If you've ever simply launched the Facebook app on your Android smartphone, Facebook may have collected your phone number, according to an alert from Symantec. This marks the second time in two weeks that a security company has cited the social networking site for grabbing and storing contact info from people who may not even have Facebook accounts.
"The first time you launch the Facebook application, even before logging in, your phone number will be sent over the Internet to Facebook servers. You do not need to provide your phone number, log in, initiate a specific action, or even need a Facebook account for this to happen," according to Symantec's official blog.

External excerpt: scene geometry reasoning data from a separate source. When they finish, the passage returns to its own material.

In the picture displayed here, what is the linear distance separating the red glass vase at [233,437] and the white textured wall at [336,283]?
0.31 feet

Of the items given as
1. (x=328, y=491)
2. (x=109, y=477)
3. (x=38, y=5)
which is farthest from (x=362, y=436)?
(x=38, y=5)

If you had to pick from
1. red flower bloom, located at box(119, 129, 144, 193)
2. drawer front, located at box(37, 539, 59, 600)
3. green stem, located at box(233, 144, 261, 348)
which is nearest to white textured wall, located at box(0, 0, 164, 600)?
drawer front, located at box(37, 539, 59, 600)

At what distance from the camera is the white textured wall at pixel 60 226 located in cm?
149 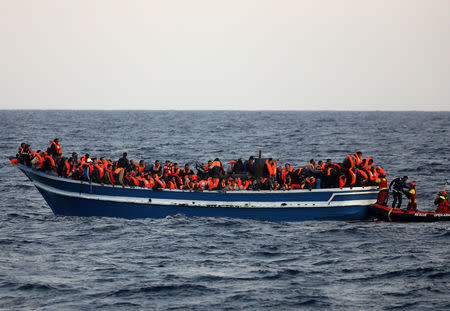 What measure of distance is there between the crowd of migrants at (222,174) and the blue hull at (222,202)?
347mm

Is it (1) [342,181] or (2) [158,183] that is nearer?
(2) [158,183]

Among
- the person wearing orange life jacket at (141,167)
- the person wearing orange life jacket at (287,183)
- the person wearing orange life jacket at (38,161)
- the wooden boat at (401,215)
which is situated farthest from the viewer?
→ the person wearing orange life jacket at (38,161)

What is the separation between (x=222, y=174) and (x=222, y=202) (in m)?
1.66

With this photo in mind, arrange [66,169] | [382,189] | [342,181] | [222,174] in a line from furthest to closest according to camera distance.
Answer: [222,174] → [66,169] → [382,189] → [342,181]

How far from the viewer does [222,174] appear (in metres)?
30.0

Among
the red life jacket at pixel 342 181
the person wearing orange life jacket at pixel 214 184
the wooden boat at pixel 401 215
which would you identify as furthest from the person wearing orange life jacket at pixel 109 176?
the wooden boat at pixel 401 215

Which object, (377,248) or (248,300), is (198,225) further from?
(248,300)

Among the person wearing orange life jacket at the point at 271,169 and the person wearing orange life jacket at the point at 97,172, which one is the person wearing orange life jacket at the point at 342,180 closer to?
the person wearing orange life jacket at the point at 271,169

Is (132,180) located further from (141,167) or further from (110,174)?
(141,167)

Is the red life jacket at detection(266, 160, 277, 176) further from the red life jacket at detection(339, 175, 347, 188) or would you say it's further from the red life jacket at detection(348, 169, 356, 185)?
the red life jacket at detection(348, 169, 356, 185)

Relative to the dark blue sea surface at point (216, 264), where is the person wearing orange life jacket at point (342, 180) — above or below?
above

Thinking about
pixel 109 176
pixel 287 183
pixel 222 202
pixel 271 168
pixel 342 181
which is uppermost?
pixel 271 168

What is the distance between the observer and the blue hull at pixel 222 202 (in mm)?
28719

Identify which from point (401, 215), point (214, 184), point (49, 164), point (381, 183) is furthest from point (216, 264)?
point (49, 164) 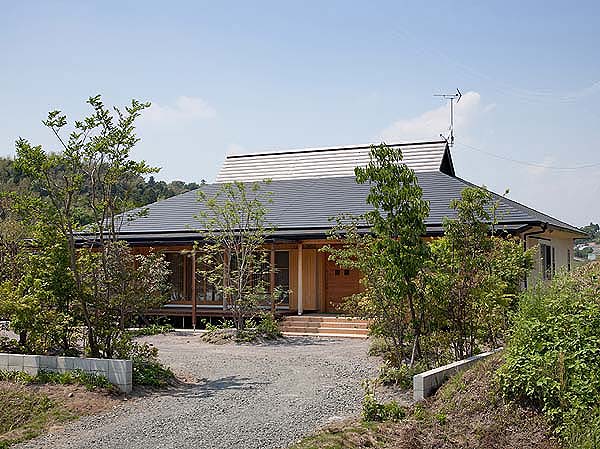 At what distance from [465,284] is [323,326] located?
8471mm

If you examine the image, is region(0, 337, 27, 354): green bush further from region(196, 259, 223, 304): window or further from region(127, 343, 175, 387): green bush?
region(196, 259, 223, 304): window

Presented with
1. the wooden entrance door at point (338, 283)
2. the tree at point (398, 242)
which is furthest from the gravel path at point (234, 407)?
the wooden entrance door at point (338, 283)

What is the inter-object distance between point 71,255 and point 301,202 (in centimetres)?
1197

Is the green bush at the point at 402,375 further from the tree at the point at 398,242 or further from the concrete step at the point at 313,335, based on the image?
the concrete step at the point at 313,335

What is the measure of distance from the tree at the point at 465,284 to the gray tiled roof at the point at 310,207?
7104mm

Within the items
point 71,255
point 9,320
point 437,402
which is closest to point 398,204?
point 437,402

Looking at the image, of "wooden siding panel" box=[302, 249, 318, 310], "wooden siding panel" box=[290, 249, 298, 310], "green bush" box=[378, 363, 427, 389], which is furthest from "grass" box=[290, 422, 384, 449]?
"wooden siding panel" box=[302, 249, 318, 310]

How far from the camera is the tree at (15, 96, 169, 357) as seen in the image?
10047 millimetres

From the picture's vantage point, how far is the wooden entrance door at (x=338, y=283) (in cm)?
2016

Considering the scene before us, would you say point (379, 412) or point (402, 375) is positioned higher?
point (402, 375)

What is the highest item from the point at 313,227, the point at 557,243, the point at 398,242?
the point at 313,227

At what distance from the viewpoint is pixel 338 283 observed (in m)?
20.2

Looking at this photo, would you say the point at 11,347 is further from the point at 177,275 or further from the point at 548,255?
the point at 548,255

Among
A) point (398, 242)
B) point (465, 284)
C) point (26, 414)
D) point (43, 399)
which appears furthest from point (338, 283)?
point (26, 414) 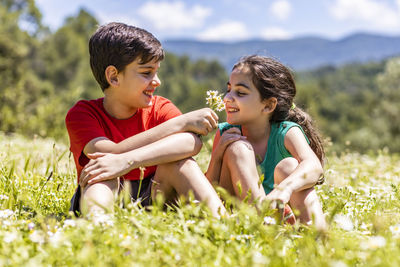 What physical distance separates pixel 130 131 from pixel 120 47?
1.98ft

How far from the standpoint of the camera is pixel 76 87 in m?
26.0

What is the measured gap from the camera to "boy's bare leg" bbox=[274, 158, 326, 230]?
244cm

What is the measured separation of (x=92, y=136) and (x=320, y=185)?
5.84ft

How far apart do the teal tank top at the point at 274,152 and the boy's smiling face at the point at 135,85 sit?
0.91m

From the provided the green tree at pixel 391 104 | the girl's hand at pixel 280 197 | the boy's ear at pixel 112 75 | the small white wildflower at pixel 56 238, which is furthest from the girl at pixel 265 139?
the green tree at pixel 391 104

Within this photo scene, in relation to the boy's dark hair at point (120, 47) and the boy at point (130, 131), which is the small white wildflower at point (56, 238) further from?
the boy's dark hair at point (120, 47)

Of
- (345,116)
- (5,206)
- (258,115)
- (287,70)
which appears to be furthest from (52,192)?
(345,116)

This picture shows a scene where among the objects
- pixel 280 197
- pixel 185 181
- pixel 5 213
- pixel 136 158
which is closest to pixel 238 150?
pixel 185 181

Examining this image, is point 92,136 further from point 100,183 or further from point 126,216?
point 126,216

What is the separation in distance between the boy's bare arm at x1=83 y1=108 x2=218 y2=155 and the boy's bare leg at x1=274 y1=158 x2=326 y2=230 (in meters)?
0.53

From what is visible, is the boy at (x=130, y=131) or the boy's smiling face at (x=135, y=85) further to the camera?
the boy's smiling face at (x=135, y=85)

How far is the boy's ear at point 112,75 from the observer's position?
305 cm

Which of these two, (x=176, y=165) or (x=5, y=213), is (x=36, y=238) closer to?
(x=5, y=213)

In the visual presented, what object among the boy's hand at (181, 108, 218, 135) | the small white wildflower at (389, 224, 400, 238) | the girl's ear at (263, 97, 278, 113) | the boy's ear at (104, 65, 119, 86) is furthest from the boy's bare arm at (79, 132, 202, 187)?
the small white wildflower at (389, 224, 400, 238) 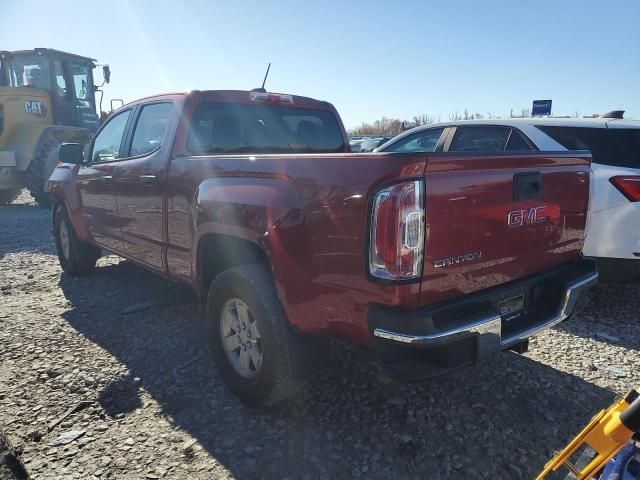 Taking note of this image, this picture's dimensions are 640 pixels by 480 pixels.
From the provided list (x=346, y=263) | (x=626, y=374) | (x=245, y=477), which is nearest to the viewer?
(x=346, y=263)

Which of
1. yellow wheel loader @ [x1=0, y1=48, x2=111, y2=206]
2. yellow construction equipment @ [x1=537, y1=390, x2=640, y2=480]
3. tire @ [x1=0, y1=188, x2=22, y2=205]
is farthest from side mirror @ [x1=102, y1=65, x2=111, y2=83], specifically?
yellow construction equipment @ [x1=537, y1=390, x2=640, y2=480]

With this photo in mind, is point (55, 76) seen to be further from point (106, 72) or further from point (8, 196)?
point (8, 196)

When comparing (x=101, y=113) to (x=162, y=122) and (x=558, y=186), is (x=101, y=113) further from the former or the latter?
(x=558, y=186)

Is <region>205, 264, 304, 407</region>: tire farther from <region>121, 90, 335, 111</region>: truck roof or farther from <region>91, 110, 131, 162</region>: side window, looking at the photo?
<region>91, 110, 131, 162</region>: side window

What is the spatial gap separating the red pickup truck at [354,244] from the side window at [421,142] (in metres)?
2.47

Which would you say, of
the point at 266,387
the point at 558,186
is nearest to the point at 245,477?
the point at 266,387

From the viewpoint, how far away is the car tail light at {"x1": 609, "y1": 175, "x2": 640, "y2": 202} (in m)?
3.76

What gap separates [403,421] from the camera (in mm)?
2664

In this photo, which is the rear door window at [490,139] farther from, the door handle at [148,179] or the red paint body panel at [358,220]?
the door handle at [148,179]

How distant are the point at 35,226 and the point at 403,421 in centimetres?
891

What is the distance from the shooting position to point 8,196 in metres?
12.0

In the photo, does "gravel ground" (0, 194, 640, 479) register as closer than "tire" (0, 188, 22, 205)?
Yes

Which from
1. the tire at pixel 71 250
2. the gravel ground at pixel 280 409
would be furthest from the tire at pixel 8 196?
the gravel ground at pixel 280 409

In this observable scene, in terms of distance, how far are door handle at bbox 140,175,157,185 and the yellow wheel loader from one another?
349 inches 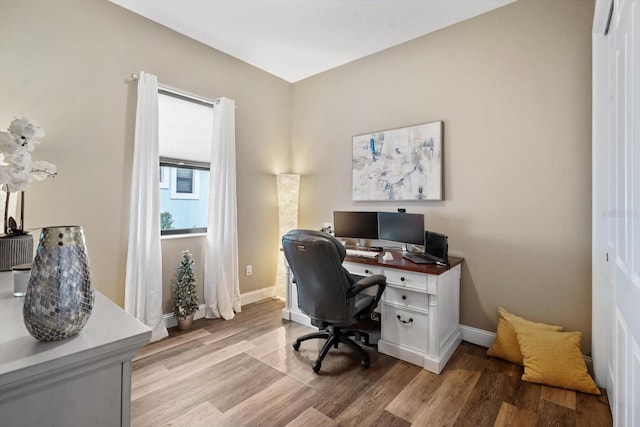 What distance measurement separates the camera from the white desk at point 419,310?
220 centimetres

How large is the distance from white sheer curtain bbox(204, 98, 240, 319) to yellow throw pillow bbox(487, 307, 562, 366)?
96.2 inches

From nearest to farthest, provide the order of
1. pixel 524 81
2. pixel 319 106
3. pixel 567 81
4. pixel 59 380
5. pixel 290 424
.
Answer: pixel 59 380, pixel 290 424, pixel 567 81, pixel 524 81, pixel 319 106

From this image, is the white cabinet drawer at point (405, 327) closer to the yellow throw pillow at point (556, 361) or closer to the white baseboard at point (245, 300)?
the yellow throw pillow at point (556, 361)

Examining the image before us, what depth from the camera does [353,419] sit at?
5.55 feet

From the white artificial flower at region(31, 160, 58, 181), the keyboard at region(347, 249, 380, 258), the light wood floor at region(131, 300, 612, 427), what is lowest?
the light wood floor at region(131, 300, 612, 427)

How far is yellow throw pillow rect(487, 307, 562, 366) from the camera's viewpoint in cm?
222

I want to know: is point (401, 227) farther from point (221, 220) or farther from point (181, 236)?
point (181, 236)

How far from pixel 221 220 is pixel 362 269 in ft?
5.19

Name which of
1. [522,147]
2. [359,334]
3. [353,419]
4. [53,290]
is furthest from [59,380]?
[522,147]

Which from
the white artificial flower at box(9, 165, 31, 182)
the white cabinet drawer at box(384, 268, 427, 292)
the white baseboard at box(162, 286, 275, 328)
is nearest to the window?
the white baseboard at box(162, 286, 275, 328)

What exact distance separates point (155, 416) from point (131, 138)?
2177 millimetres

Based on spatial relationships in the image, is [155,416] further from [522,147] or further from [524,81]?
[524,81]

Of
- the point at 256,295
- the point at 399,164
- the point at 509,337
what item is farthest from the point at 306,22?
the point at 509,337

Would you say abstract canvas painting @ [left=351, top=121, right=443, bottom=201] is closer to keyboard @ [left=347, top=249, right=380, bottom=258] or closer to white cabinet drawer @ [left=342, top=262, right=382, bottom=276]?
keyboard @ [left=347, top=249, right=380, bottom=258] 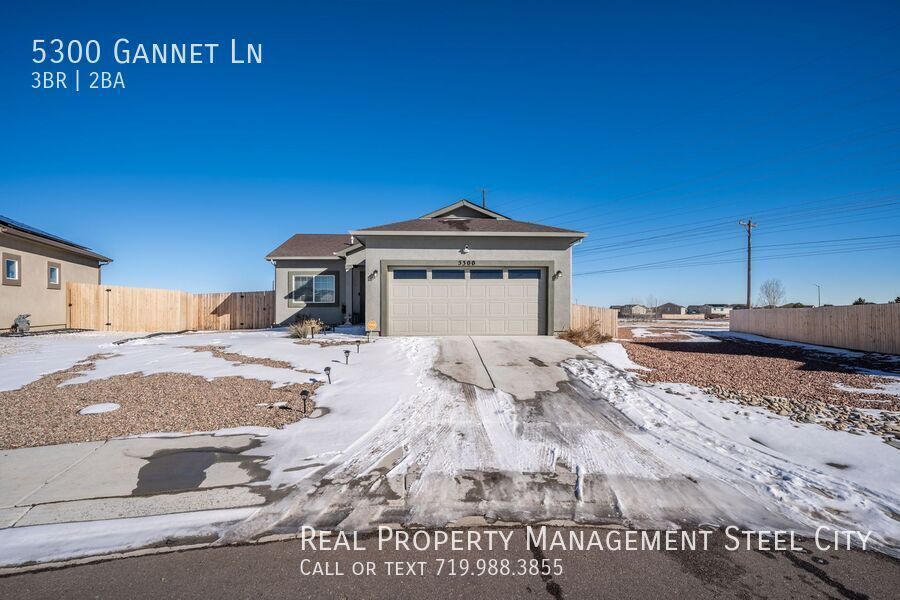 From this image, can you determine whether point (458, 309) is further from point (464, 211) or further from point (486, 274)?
point (464, 211)

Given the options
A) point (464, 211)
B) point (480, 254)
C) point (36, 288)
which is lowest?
point (36, 288)

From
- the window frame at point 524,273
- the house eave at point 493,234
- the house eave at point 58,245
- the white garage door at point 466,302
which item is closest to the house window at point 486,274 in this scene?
the white garage door at point 466,302

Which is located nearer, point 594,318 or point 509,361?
point 509,361

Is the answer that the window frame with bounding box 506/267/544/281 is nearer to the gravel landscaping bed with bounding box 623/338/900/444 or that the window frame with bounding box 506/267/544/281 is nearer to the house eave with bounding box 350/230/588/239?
the house eave with bounding box 350/230/588/239

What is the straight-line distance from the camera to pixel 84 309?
55.5 ft

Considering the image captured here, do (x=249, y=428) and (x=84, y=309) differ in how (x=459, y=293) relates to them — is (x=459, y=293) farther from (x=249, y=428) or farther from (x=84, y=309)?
(x=84, y=309)

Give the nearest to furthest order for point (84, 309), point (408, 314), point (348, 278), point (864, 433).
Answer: point (864, 433) → point (408, 314) → point (84, 309) → point (348, 278)

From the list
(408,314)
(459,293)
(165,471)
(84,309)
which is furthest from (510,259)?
(84,309)

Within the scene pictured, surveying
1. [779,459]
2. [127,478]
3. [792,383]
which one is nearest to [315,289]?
[127,478]

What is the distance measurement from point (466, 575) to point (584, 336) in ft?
34.3

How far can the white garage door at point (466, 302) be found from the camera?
1279 centimetres

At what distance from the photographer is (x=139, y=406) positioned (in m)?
6.20

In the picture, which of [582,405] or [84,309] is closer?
[582,405]

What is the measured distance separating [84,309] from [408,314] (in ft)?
49.2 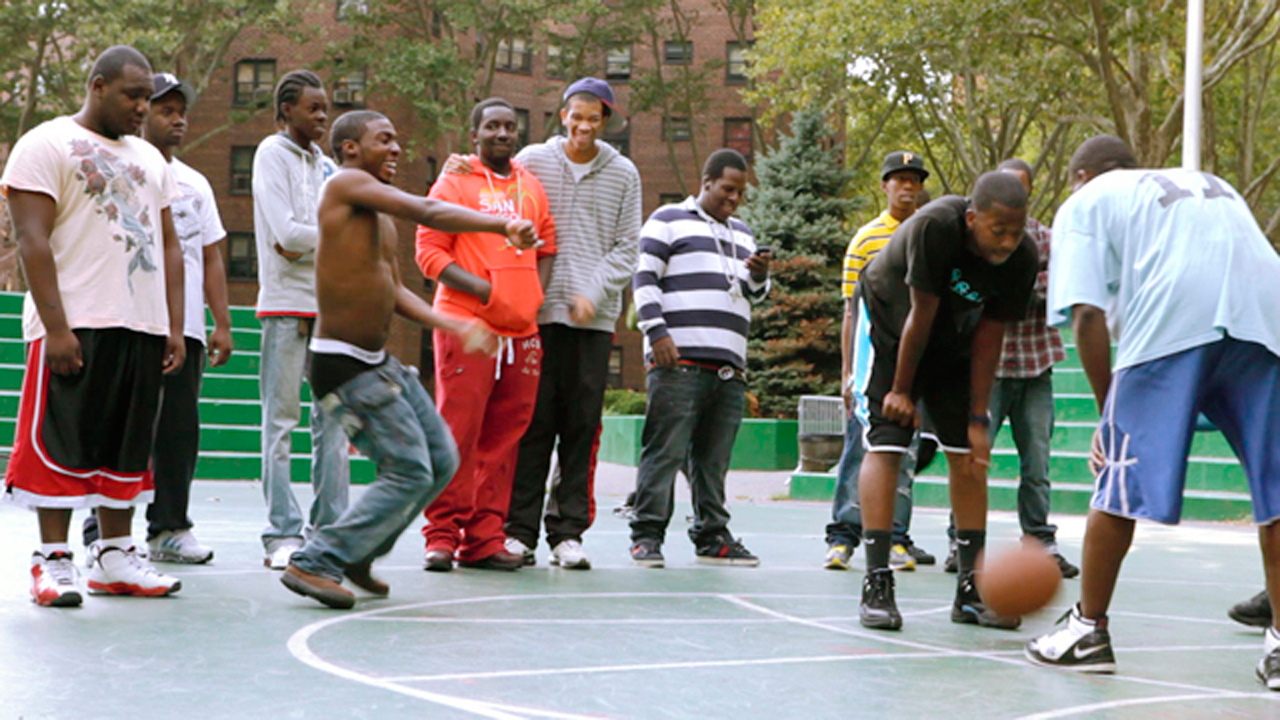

Hundreds of millions of devices have installed the Facebook application, according to Symantec, and some devices come pre-installed with it; thus, a significant portion of Android devices are likely affected.
The news isn't going to help Facebook's reputation for being less-than-vigilant with its vast hoard of valuable user (and non-user) data. Security company Packet Storm revealed last week that for a year, Facebook was leaking potentially private contact information collected from users who uploaded their contact lists to the site. Packet Storm later criticized Facebook for understating the scope of the leak and for failing to alert nonusers who may have been affected.
Facebook has acknowledged the issue with the Android app said it would fix it in the next release. The company claims that it neither used nor processed the phone numbers and has deleted them all from its servers. The company also said it has fixed the aforementioned "data leak" issue. But it's probably time for Facebook to revisit its data privacy policies, such as which data it collects and saves, or face user backlash.
This revelation also casts yet another shadow on the Google Play app store, which has garnered a reputation for housing insecure mobile wares. Notably, according to Symantec, Facebook for Android isn't the only mobile app in the Google Play that's leaking user data. The company says the new version of its Norton Mobile Security software is capable of pinpointing which apps exhibit similarly risky behavior.